According to Dynaction Beating monitoring, Sakana AI, in collaboration with NVIDIA, has open-sourced a sparse data format named TwELL and its accompanying acceleration kernel. This innovation enables GPUs to skip irrelevant computations that are "close to zero" when running large models. Without compromising model accuracy, this solution has boosted the H100's inference speed by up to 30% and training speed by up to 24%, while significantly reducing peak memory usage.
The feed-forward layer (FFN) of large models consumes the majority of parameters and computational power. However, in reality, during text generation, over 80% of neurons are in a "dormant state" (with activation values close to zero), making no contribution to the final output. By bypassing these neurons, significant computational power can be saved. Yet, modern GPUs are inherently skilled at computing dense matrices uniformly. Using traditional methods to extract scattered useful data incurs a heavy overhead from repeatedly searching for and reading data, nullifying the computational savings.
The TwELL format aims to break this hardware curse. It aligns perfectly with the GPU's parallel logic design: instead of piecing together non-zero data across regions as in traditional methods, it divides data into small tiles that GPUs excel at processing. As a result, each computing core of the GPU can locally pack useful data, eliminating time-consuming global memory reads and writes, seamlessly integrating into the modern chip's acceleration pipeline.
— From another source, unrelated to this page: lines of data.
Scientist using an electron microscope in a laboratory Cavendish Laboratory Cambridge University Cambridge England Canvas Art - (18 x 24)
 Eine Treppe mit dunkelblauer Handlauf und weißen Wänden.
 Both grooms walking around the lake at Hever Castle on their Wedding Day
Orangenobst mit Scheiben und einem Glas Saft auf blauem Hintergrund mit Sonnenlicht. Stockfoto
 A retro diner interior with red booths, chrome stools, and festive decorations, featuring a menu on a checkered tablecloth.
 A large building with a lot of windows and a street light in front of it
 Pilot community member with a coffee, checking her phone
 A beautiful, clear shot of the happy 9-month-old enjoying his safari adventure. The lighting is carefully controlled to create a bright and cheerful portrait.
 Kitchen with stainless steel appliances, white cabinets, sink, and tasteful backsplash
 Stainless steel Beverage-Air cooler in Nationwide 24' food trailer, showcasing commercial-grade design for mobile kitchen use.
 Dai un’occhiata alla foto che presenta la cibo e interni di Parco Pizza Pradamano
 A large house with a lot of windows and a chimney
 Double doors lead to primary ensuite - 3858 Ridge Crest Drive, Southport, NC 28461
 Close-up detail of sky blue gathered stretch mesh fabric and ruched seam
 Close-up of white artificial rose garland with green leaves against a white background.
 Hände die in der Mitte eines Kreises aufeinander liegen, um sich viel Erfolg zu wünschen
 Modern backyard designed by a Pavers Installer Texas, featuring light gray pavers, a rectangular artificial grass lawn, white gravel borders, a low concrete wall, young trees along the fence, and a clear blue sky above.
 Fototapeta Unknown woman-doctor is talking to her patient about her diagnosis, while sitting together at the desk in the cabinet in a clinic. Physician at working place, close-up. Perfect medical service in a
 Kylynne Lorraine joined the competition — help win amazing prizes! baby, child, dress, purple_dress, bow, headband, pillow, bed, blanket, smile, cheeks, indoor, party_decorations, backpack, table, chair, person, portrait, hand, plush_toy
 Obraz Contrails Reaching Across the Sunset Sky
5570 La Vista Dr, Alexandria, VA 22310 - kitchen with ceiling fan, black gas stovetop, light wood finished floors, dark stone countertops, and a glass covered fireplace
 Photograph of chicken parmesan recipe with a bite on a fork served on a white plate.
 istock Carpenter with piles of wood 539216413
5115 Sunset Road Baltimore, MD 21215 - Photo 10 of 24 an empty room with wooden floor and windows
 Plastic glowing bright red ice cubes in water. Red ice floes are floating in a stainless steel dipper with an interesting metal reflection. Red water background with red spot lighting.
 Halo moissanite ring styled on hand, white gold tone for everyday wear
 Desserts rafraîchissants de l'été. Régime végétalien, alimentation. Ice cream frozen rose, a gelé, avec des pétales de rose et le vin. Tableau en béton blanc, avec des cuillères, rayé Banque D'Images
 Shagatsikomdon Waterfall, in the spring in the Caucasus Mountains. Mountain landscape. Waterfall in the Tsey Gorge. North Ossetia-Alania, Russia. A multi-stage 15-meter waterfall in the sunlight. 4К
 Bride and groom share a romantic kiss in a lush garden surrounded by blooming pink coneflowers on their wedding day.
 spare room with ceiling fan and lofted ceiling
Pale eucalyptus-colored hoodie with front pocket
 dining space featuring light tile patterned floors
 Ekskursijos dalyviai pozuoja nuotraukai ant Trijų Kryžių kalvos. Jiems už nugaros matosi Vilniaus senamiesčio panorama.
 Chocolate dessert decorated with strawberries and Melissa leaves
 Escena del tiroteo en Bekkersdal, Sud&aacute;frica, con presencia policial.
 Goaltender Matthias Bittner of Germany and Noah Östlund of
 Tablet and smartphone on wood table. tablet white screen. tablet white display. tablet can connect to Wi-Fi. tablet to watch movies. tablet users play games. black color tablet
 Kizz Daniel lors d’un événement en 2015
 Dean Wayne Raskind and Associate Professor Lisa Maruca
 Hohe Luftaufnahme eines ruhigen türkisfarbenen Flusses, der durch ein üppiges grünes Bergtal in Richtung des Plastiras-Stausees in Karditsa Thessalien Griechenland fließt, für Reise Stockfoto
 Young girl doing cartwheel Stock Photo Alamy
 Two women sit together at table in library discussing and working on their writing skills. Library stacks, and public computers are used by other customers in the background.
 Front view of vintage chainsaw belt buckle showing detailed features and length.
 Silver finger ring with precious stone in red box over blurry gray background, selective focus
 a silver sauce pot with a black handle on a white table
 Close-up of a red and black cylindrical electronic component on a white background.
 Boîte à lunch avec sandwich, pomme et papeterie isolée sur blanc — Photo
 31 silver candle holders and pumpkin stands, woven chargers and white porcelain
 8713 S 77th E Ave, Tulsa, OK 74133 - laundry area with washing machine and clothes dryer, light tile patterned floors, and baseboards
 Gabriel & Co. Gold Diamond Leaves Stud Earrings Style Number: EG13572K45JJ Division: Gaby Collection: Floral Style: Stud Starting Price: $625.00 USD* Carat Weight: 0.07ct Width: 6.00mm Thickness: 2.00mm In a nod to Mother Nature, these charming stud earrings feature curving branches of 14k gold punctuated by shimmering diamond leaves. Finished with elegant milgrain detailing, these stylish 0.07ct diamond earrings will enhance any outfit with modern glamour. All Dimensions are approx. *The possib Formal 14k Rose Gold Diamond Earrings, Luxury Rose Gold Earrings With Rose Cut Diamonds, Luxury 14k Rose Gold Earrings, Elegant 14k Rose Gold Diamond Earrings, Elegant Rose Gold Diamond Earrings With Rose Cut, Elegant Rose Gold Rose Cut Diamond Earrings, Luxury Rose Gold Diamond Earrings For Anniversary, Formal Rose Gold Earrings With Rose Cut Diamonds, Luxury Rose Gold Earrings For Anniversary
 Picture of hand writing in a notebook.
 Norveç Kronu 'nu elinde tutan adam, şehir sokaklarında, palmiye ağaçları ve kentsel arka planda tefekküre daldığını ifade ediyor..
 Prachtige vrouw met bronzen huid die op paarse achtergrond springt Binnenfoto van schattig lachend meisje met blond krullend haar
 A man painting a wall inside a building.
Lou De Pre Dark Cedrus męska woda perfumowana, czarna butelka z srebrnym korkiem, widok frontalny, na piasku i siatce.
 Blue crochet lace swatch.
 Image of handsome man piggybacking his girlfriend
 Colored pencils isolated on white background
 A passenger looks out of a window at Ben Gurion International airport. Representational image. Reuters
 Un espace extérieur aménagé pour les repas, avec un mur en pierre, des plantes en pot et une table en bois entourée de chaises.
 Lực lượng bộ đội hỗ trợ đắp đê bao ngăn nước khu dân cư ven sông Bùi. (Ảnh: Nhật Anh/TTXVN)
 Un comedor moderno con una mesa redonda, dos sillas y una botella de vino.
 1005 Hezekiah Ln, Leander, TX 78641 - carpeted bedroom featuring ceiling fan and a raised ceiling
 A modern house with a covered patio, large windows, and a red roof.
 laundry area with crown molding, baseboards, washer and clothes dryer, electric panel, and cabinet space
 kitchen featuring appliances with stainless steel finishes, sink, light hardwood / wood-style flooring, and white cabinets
In a practical test of a 1.5 billion parameter model, by adding a slight regularization during training, the proportion of neurons that actually need computation was reduced to less than 2%, with no degradation in performance across seven downstream tasks. The data also revealed a pattern: the larger the model's parameter count, the more dormant neurons exist (the non-zero ratio of a 2 billion parameter model is 38% lower than that of a 500 million parameter model). This indicates that as future endeavors pursue larger-scale models, this hardware-centric optimization will unleash even more significant performance benefits.